PG&E: Will Revisit Bond Plan

Steven Maviglio, a spokesman for major PG&E shareholders that backed the plan, said they would revisit it next year.

“The timing was simply not right to pass this legislation with just days left in the session,” Maviglio said in an emailed statement. “During the interim, we will continue to work to resolve the bankruptcy case and help PG&E fulfill its commitments. We will return in January with a renewed effort to getting this beneficial legislation the full and fair consideration it deserves.”

PG&E issued a statement Friday saying, “We firmly believe that Wildfire Victim Recovery Bonds are a critical element to the state’s path forward when it comes to addressing wildfire risk.”

PG&E
California State Capitol

The company filed for bankruptcy in January after two years of devastating wildfires that are likely to cost the utility billions of dollars in damages. The fires included the November 2018 Camp Fire, the deadliest and most destructive in state history.

In recent weeks, PG&E and the hedge funds that control much of its stock have been lobbying lawmakers to draft and pass a measure that would have established a wildfire recovery bond program for the state’s investor-owned utilities. The proposal would have let the state borrow money, tax-free and at low interest rates, on behalf of the IOUs. (See PG&E Seeks $20B Wildfire Bonds Issuance.)

The vehicle for the bond measure was Assembly Bill 235, a wildfire-related measure that stalled in committee earlier this year. It was heavily amended Friday to include the bond provisions, just as PG&E said it would no longer pursue the effort.
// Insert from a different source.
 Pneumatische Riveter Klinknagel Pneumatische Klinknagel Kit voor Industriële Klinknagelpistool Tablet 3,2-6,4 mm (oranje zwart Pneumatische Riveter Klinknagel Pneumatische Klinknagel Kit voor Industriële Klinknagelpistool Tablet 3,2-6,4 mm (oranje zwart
The measure was meant to bolster PG&E’s position in bankruptcy and to head off an effort by its unsecured bondholders to take greater control of the company at a substantial discount. Those bondholders had put forward their own reorganization plan that included a $30 billion investment in the company in exchange for guaranteed payment of their notes, which could otherwise be dismissed in bankruptcy, and a big stake in PG&E. (See PG&E’s Bondholders Push $30 Billion Investment Plan.) They waged a lobbying and advertising battle against the PG&E bond proposal in recent weeks, launching a website titled “Stop the PG&E Bailout.”

In August, Judge Dennis Montali, who is overseeing PG&E’s Chapter 11 case, gave PG&E time to file its own reorganization plan without competing proposals, including the bondholders’ plan, but he could still consider alternatives going forward. (See Only PG&E Can File Bankruptcy Plan, Judge Says.)

PG&E has promised to file its own Chapter 11 reorganization plan by Monday, though the court had given it until later this month to do so. An outline of the plan released by PG&E earlier this summer said the utility will pay its debts and compensate fire victims by raising money through stock offerings.

In documents filed with the U.S. Securities and Exchange Commission, two major shareholders, Abrams Capital Management and Knighthead Capital Management, pledged to backstop PG&E’s plan with $15 billion in equity financing. Those firms also backed the legislative bond proposal.